In this debut contemporary novel, MacKenzie writes from the perspective of Kate René Willoughby, who discovers that after 22 years of marriage, her wealthy lawyer husband, Brian, is cheating on her. Kate, who has relocated to an Arizona ranch at Brian’s urging after many years spent living with him in Alaska, investigates his deceptions, both emotional and financial, as she attempts to decide whether or not to end her marriage. Kate’s story moves between the present and the past as she deals with the fallout from Brian’s adultery, remembers growing up with an abusive father, and takes comfort in the critters who surround her on the ranch (“I try to live in the here and now, to be grateful. For the roof over my head, the food I’m not eating, for the animals who force me out of bed each morning and keep me in a routine, who keep me alive”).
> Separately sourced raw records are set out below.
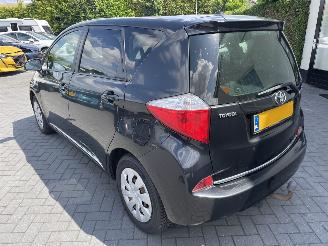 Toyota Verso S 1.3 VVT-i Aspiration N.A.P NL AUTO picture 2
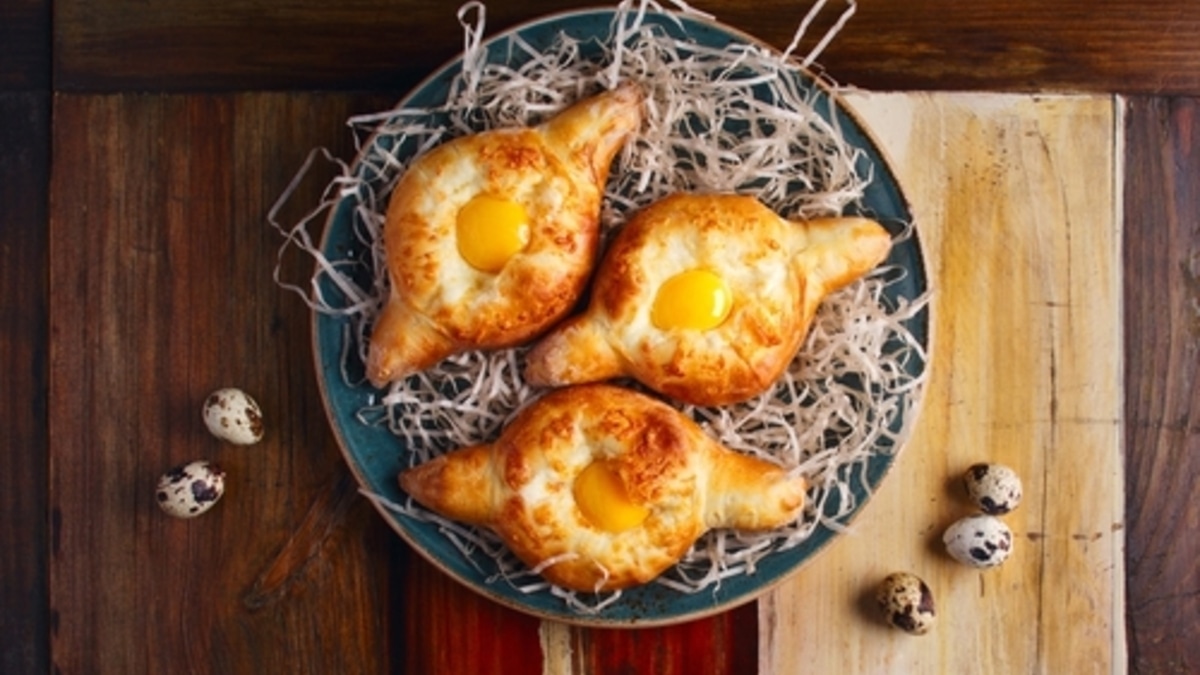 Хачапури по-аджарски с перепелиными яйцами: новое прочтение любимого грузинского блюда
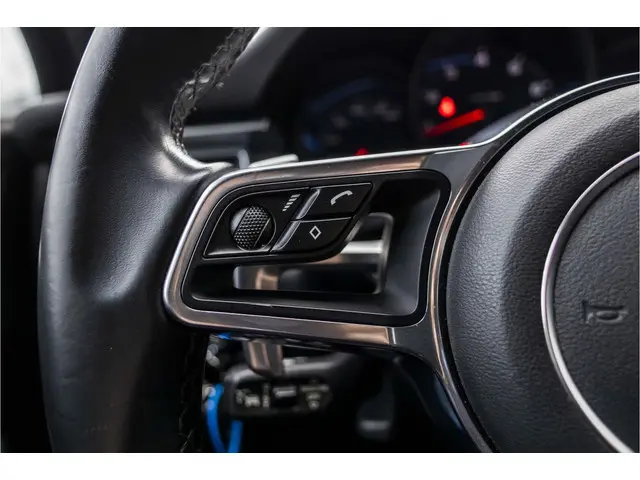 Porsche Macan 2.0 2018 Benzine 32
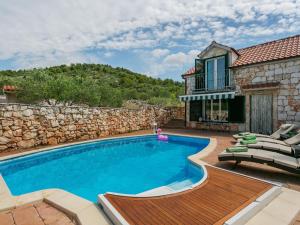 Bazén v ubytování Holiday Home in Marina with Sea beach nebo v jeho okolí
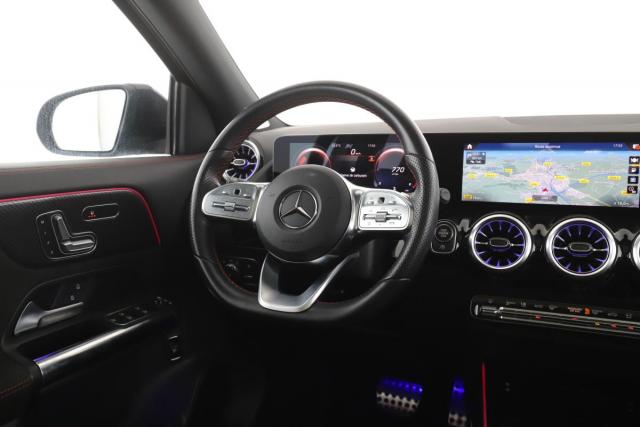 Mercedes Benz Gla image 6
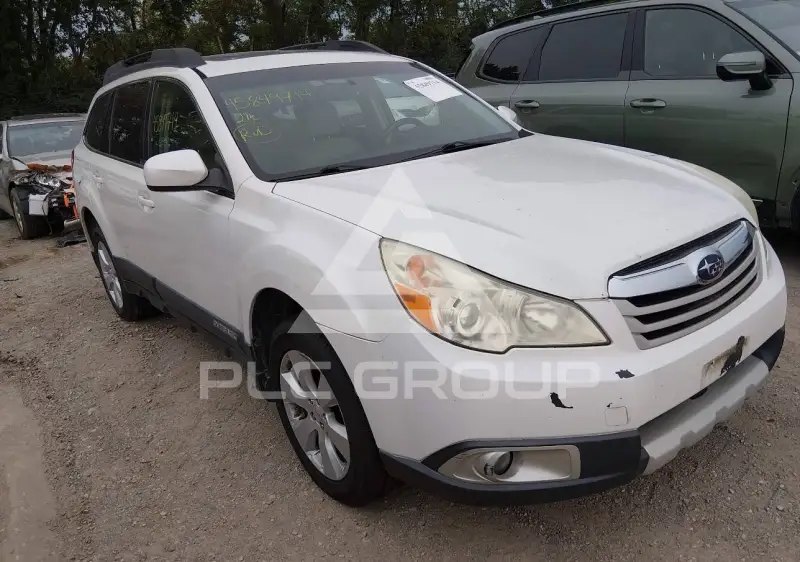 2010 Subaru Outback фото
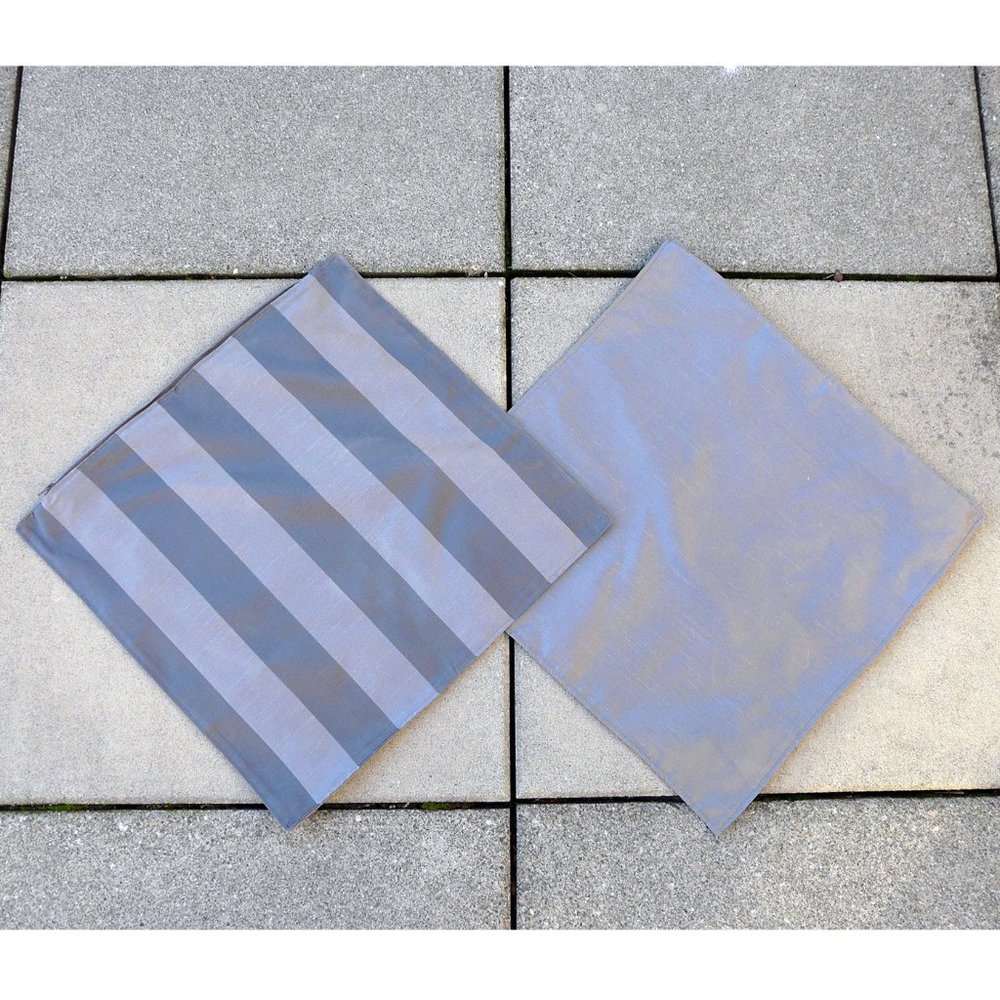🔴 2 IKEA Henrika striped pillow / cushion covers, approx. 18.5" x 19.5", India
When she finally makes a decision about Brian, Kate finds support within her community of friends and family as she learns to trust her own judgment and rediscovers her strengths. MacKenzie is a strong writer. Her evocative use of metaphors (“Like that innocent tarantula, I’m being consumed from the inside—by my husband’s love for another woman, by the words I hear him saying to her, by visions of skin against skin”), combined with the steady revelation of Brian’s secrets and deceits, will keep readers engaged even as Kate’s indecision about whether to leave is repetitive and drawn out far longer than necessary. Kate’s first-person narration gives readers a deep look into her thoughts, and fans of character-driven fiction will appreciate the intimacy of her portrayal and the power of her emotions. MacKenzie also does an effective job of incorporating the many animal characters into the story, allowing them to reveal Kate’s struggle without turning them into stand-ins for humans. The protagonist bears a strong resemblance to the author, beginning with their same first and middle names. Kate also shares many of the personal and professional experiences MacKenzie includes in her bio, making it difficult to separate the character from the author.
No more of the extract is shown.